In the letter, Ivanishvili described Western countries as “external forces disguised as friends and partners, who were forced to openly admit that they demand Georgia’s submission to their interests.”
He also referred to what he called “blatant betrayal within the Georgian Dream team”, saying this had created a real risk of derailing the country’s development path and paving the way for the return of forces loyal to “foreign interests.”
Ivanishvili’s open letter
“For me personally, the hardest part has been witnessing open betrayal within our team in recent years. This not only sparked a crisis within Georgian Dream, but also posed a real threat to the Georgian people and our country, risking a deviation from our development path and a return to leadership under forces loyal to foreign interests.

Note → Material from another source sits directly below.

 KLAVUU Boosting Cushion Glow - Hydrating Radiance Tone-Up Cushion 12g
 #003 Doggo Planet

In the past, some members of our team believed that yielding to influential foreign powers or prioritising personal comfort over the interests of our citizens could bring them greater benefit. We endured this. The support of the Georgian people has given me and our team the will to fight and strengthened our belief that we can overcome any challenge,” Ivanishvili wrote in the letter.
According to him, attacks on Georgia’s sovereignty are becoming more frequent and intense, although “certain forces” are now compelled to act not because of internal enemies, as was the case before, but due to external pressures.

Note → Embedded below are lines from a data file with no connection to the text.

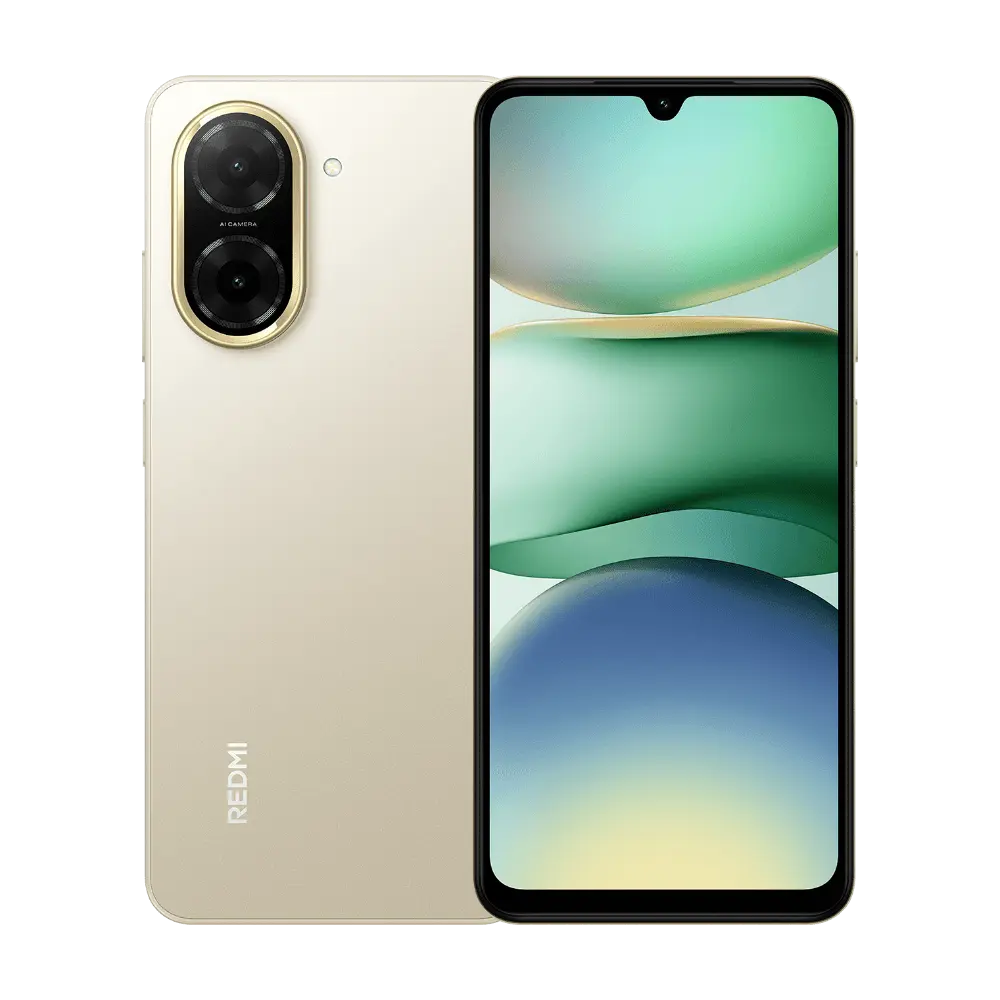 CELULAR XIAOMI REDMI A5 4GB RAM FISICA+ 4GB VIRTUAL 128GB ALM 6.88"  CAMARA 32MP POSTERIOR + 8MP FRONTAL GOLD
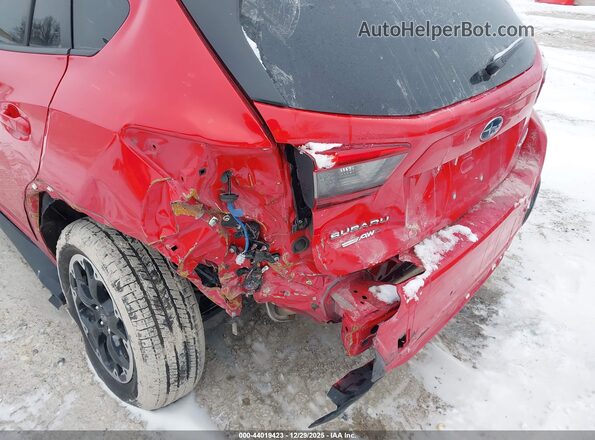 JF2GTAEC1P8302246 2023 SUBARU CROSSTREK  Вид спереди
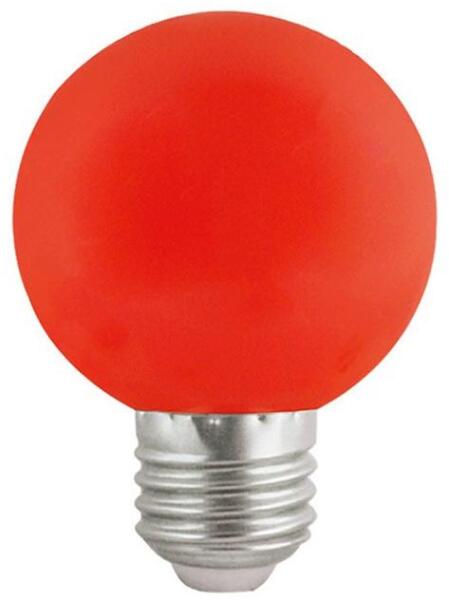 Led Bulb Colorled G60 E27 3W Red 1501650 VITO (2831)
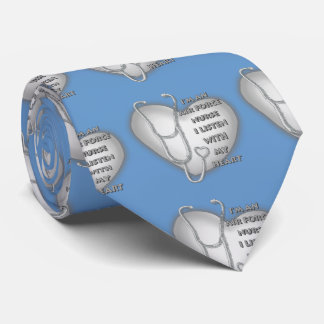 Graue Stethoscope Air Force Nurse individuelle Nam Krawatte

As a result, the country’s informal leader believes, “agents” embedded within opposition parties and NGOs have weakened. Yet Ivanishvili insists that the public must still clearly understand which forces are trying to bend Georgia to their interests:
“They easily replace one familiar face with another, swap one party for another, or even switch one television channel for another to deceive our citizens. They can introduce new foreign politicians onto the political stage, so-called influential experts acting against Georgia, who will replace those already caught in lies. They find it hard to accept that they can no longer deceive us,” Bidzina Ivanishvili writes.

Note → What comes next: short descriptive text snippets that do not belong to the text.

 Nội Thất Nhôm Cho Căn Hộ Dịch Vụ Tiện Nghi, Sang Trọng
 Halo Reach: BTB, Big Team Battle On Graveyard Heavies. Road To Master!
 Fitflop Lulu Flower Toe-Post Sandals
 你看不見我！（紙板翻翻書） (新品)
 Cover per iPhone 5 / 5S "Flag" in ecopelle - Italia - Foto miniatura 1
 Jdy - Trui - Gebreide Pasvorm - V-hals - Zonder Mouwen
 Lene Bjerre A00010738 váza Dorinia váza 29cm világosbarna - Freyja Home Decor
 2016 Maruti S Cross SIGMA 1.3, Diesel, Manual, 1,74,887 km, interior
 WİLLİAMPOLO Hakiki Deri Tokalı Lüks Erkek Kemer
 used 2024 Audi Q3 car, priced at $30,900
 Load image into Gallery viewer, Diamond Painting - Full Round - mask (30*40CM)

As Ivanishvili notes, authority for the Georgian people is not about names, titles or manufactured influential politicians — it is about the truth.
“On 4 October we face another test — to defend our unity, the ideals of 1 October, and the gains of past years. In the upcoming local elections, internal and external enemies see yet another opportunity to provoke unrest, stage a coup and pursue their own goals.
More and more people are seeing these forces’ true intentions, their support is shrinking by the day, and state institutions in Georgia are stronger than ever. Their only remaining option is a direct attack on the state and, therefore, on the people.
Against this background, on 4 October we have the chance to show once again that our struggle today is to turn out to vote, make a free choice, and preserve peace and stability. Today we can cement the peaceful victory won by Georgian Dream in 2012, leave radicalism and confrontation behind, and together fight for development and prosperity — to finally overcome poverty, strengthen sovereignty and peacefully unite the country!” Ivanishvili said.